La quête du moi dans les Essais – à laquelle Pascal doit sa propre réflexion dans le fragment des Pensées intitulé « Qu’est-ce que le moi ? » – passe par une réflexion sur ce que le moi n’est pas : le chapitre « De l’exercitation », on l’a vu, propose une tentative de définition du moi par ce qui lui échappe. La question du contrôle de la volonté sur les puissances physiques a donc son rôle à jouer dans cette définition, comme le montrent les passages consacrés à la sexualité dans « Sur des vers de Virgile », ainsi que le chapitre « De la force de l’imagination », qui témoigne de l’intérêt de Montaigne pour les moments passagers d’impuissance. Ainsi, la subjectivité ne se trouve plus décrite comme un petit théâtre d’instances en lutte, comme c’est le cas au chapitre « De l’expérience » où le moi est tiraillé entre l’espritet l’imagination présentés comme des acteurs autonomes de la personnalité, mais comme un procès de la volonté devant l’instance supérieure que représente le moi, qu’elle trompe et qu’elle trahit.

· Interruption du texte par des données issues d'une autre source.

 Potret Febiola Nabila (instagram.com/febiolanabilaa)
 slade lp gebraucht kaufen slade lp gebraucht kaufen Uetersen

La réflexion sur le nom, comme ce qui échappe à la définition de l’identité, constitue l’autre pan de la question du moi telle que l’envisage Montaigne : « le nom, ce n’est pas une partie de la chose ni de la substance, c’est une piece estangere jointe à la chose, et hors d’elle » (II, 16). Malgré la discontinuité de l’identité, exprimée par la formule « Moy asteure et moy tantost sommes bien deux » (III, 5), la permanence d’un noyau de continuité qui traverse la jeunesse et la vieillesse, d’une inertie qui ramène toujours l’individu à lui-même, contribue à définir l’essence du moi malgré le changement constant de son apparence. C’est cet « estre universel » que Montaigne se résout à désigner par le nom propre, à l’ouverture du chapitre « Du repentir » (III, 12) : « Les autheurs se communiquent au peuple par quelque marque particuliere et estangere ; moy, le premier, par mon estre universel, comme Michel de Montaigne ».

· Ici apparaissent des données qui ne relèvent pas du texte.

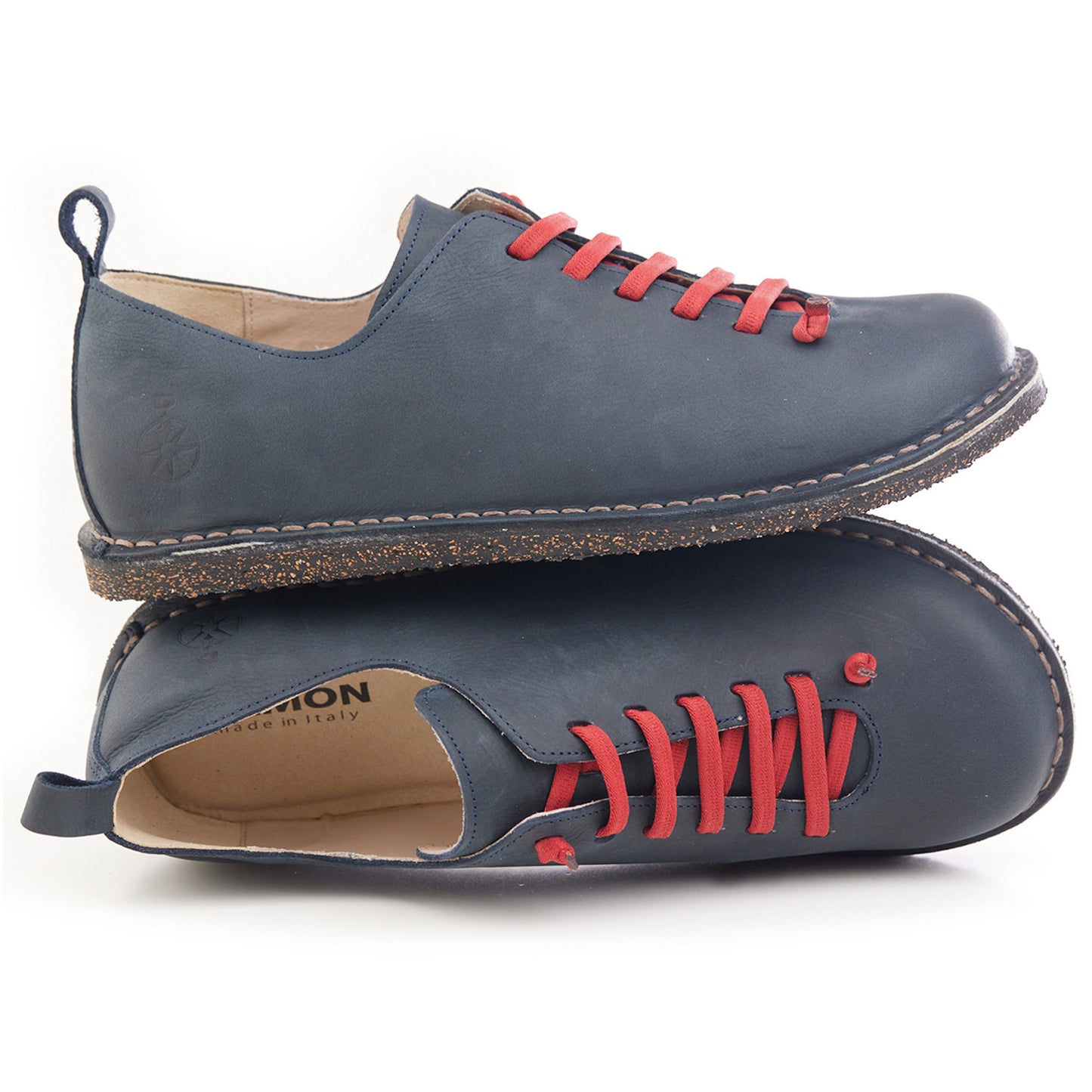 ERATO Gum Blu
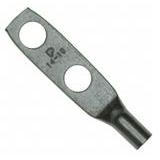 LCCF750-38DF-3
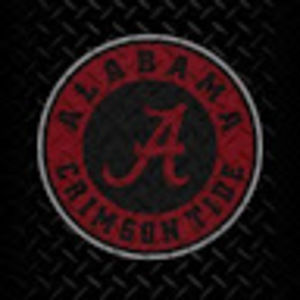 Meet your Posher, Dutton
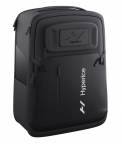 ��� �� ������ ����� Hyperice Normatec 3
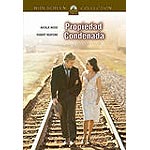 Propiedad condenada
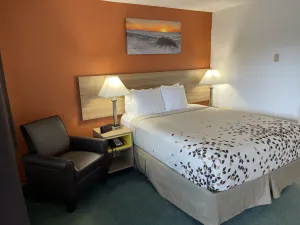 Image of Newport Coast Inn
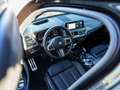 BMW X3 M d AHK 21" adFahrw H&K HuD Laser KoZg 360° Grau - thumbnail 4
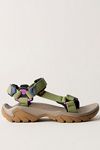 Terra Fi 5 Universal Sandals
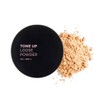 The Face Shop Tone-Up Loose Powder 10g No. V201 /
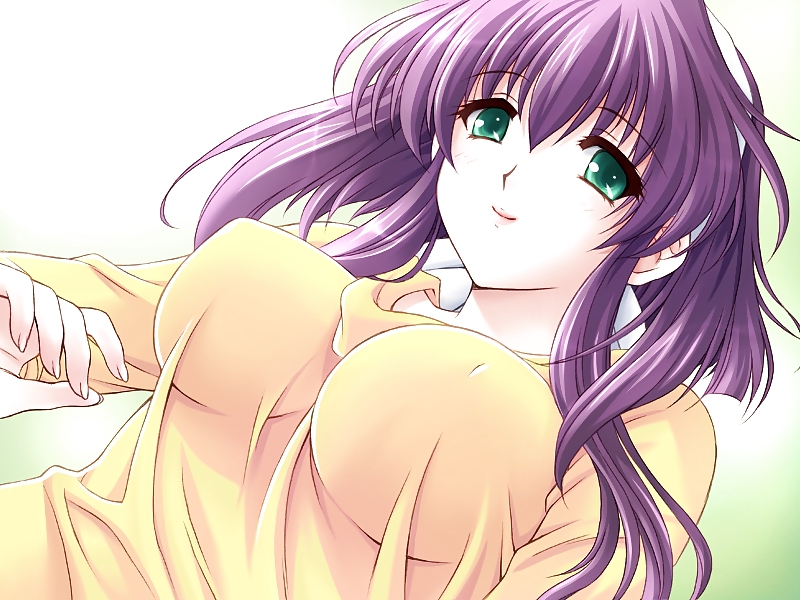 Mujeres seductoras 14
 #16351561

Ce mouvement de substantivation du moi que Montaigne initie, sans pour autant le concrétiser entièrement, s’engage à partir du topos antique de l’alter ego qu’il transforme en y introduisant une dimension d’introspection, d’intériorité. La première apparition du moi comme substantif remonte à la période qui sépare les deux premières éditions des Essais : on la trouve sous la plume du poète Desportes, dans la formule « cet autre moi pour qui j’aimais à vivre », périphrase qui désigne l’ami comme « autre moi », alter ego. Montaigne infléchit ce thème à la faveur de l’évocation de La Boétie, au chapitre « De l’amitié » (I, 28), où la vraie amitié est définie comme une confusion des âmes, par opposition à l’entretien qui caractérise l’amitié ordinaire, et selon le thème humaniste, néoplatonicien, d’une unification des volontés dans l’amitié : « C’est je ne sçay quelle quinte essence de tout ce meslange, qui, ayant saisi toute ma volonté, l’amena se plonger et se perdre dans la sienne ; qui, ayant saisi toute sa volonté, l’amena se plonger et se perdre en la mienne, d’une faim, d’une concurrence pareille ».